Advances and Obstacles in Using CRISPR/Cas9 Technology for Non-Coding RNA Gene Knockout in Human Mesenchymal Stromal Cells.

Non-coding RNA (2023-09-22)
Nataliya Basalova, Maria Illarionova, Mariya Skryabina, Maksim Vigovskiy, Anastasia Tolstoluzhinskaya, Alexandra Primak, Elizaveta Chechekhina, Vadim Chechekhin, Maxim Karagyaur, Anastasia Efimenko
摘要

Non-coding RNA (ncRNAs) genes have attracted increasing attention in recent years due to their widespread involvement in physiological and pathological processes and regulatory networks.
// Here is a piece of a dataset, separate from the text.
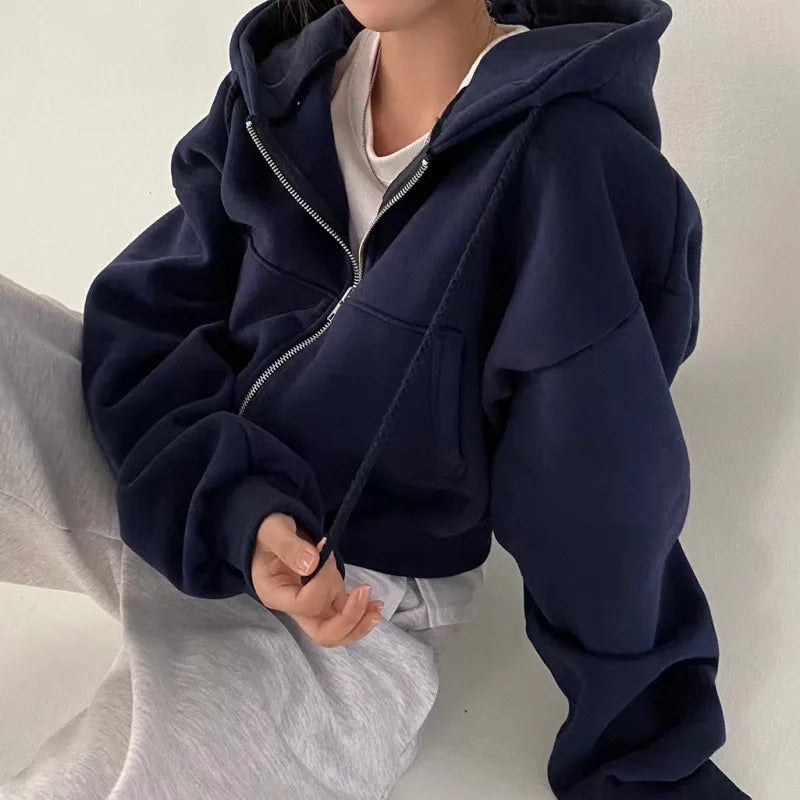 Navy zip-front hooded sweatshirt with full zipper and oversized hood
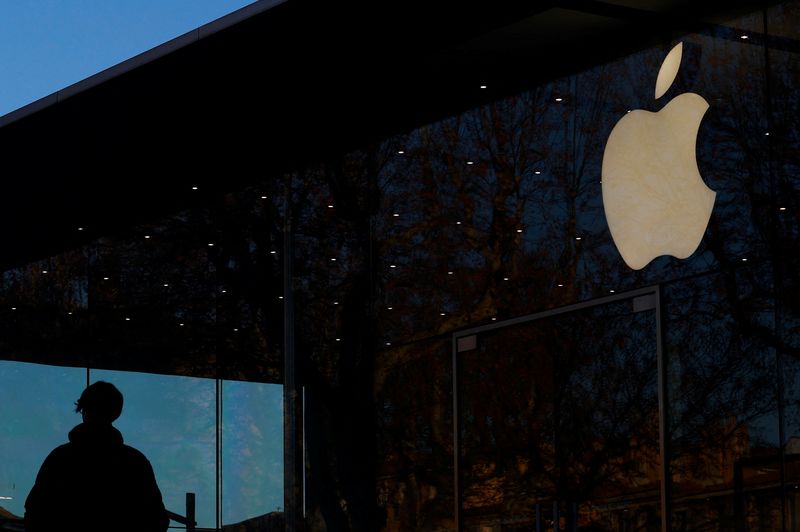 FILE PHOTO: A man walks past an Apple logo outside an Apple store in Aix-en Provence, France, January 15, 2025. REUTERS/Manon Cruz/File photo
The study of the function and molecular partners of ncRNAs opens up opportunities for the early diagnosis and treatment of previously incurable diseases. However, the classical "loss-of-function" approach in ncRNA function analysis is challenged due to some specific issues. Here, we have studied the potency of two CRISPR/Cas9 variants, wild-type (SpCas9wt) and nickase (SpCas9D10A) programmable nucleases, for the editing of extended DNA sequences in human mesenchymal stromal cells (MSCs). Editing the genes of fibrosis-related hsa-miR-21-5p and hsa-miR-29c-3p, we have shown that a pair of SpCas9D10A molecules can effectively disrupt miRNA genes within the genomes of MSCs. This leads not only to a decrease in the level of knockout miRNA in MSCs and MSC-produced extracellular vesicles, but also to a change in cell physiology and the antifibrotic properties of the cell secretome. These changes correlate well with previously published data for the knockdown of certain miRNAs. The proposed approach can be used to knock out ncRNA genes within the genomes of MSCs or similar cell types in order to study their function in biological processes.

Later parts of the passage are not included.